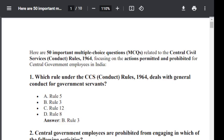Good morning to you all. Today I wish to discuss 50 important multiple choice questions related to Central Civil Service Conduct Rule 1964, focusing on the actions permitted and prohibited for Central Government employees in India.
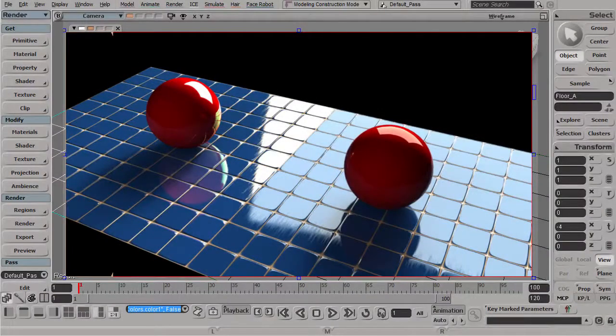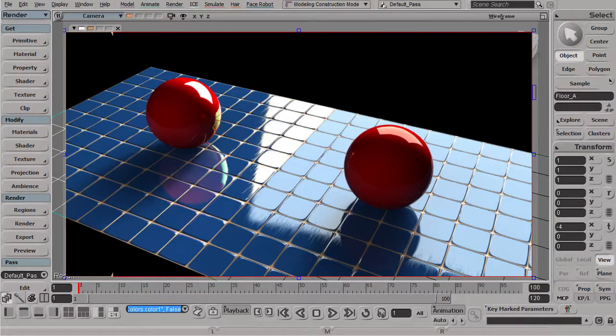Hi everyone, thanks for joining this workshop. This workshop will go over creating complex reflection relationship networks with Softimage render tree.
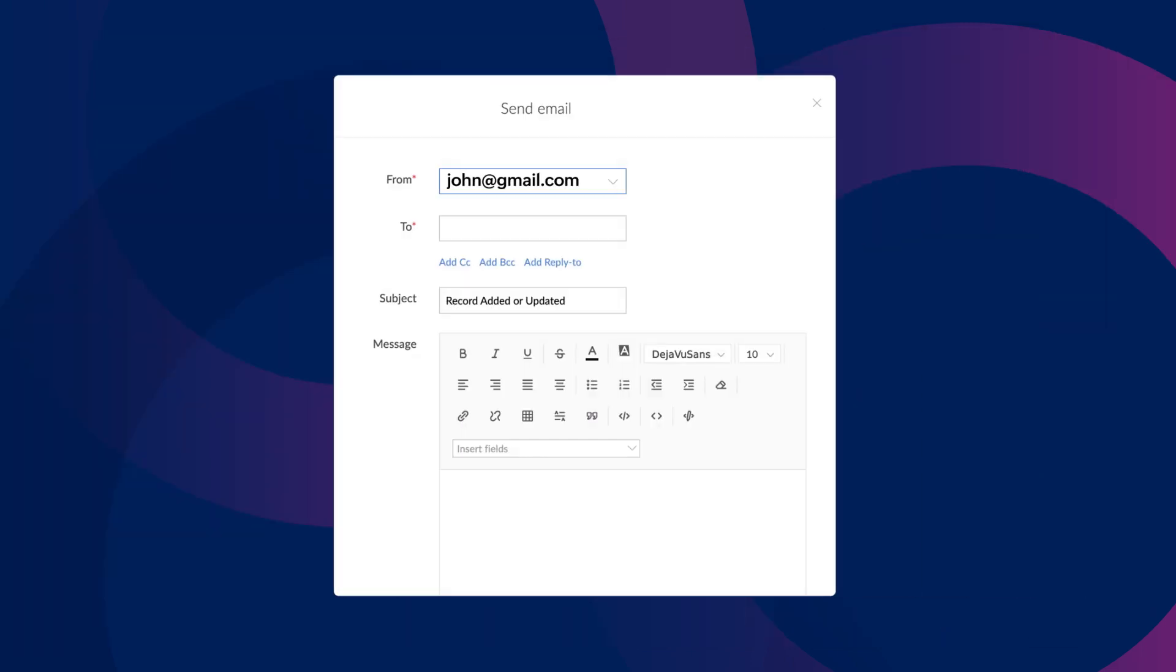Assume you have a Creator account with the email address john at gmail.com, but you need to send emails from a different email address called john at zilker.com. In cases like this, you can add the new email address to the sender email.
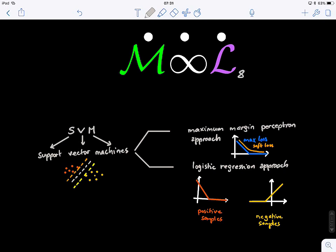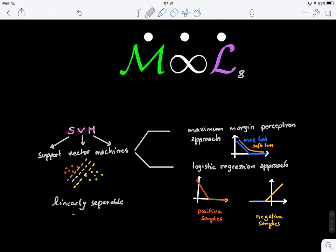Welcome to lecture 8. Today we will learn about a very popular classifier called support vector machines, and we will particularly focus on linearly separable classes. We will also learn how to formalize the equations of this classifier and find the optimal parameters to identify our hyperplane, which separates two classes using two different approaches: the maximum margin perceptron from lecture 7 and the logistic regression approach from lecture 6.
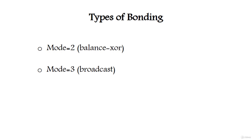Next one is mode 3, broadcast. Broadcast policy transmits everything on all slave interfaces. This mode provides fault tolerance.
· · · · · · ·
→ **PROMPT**:
Lines from the one that contains "Welcome to lecture" to the final line of the material are the whole answer. Reproduce them word for word and skip the pictures.

→ **WORKED SOLUTION**:
Welcome to lecture 8. Today we will learn about a very popular classifier called support vector machines, and we will particularly focus on linearly separable classes. We will also learn how to formalize the equations of this classifier and find the optimal parameters to identify our hyperplane, which separates two classes using two different approaches: the maximum margin perceptron from lecture 7 and the logistic regression approach from lecture 6.
Next one is mode 3, broadcast. Broadcast policy transmits everything on all slave interfaces. This mode provides fault tolerance.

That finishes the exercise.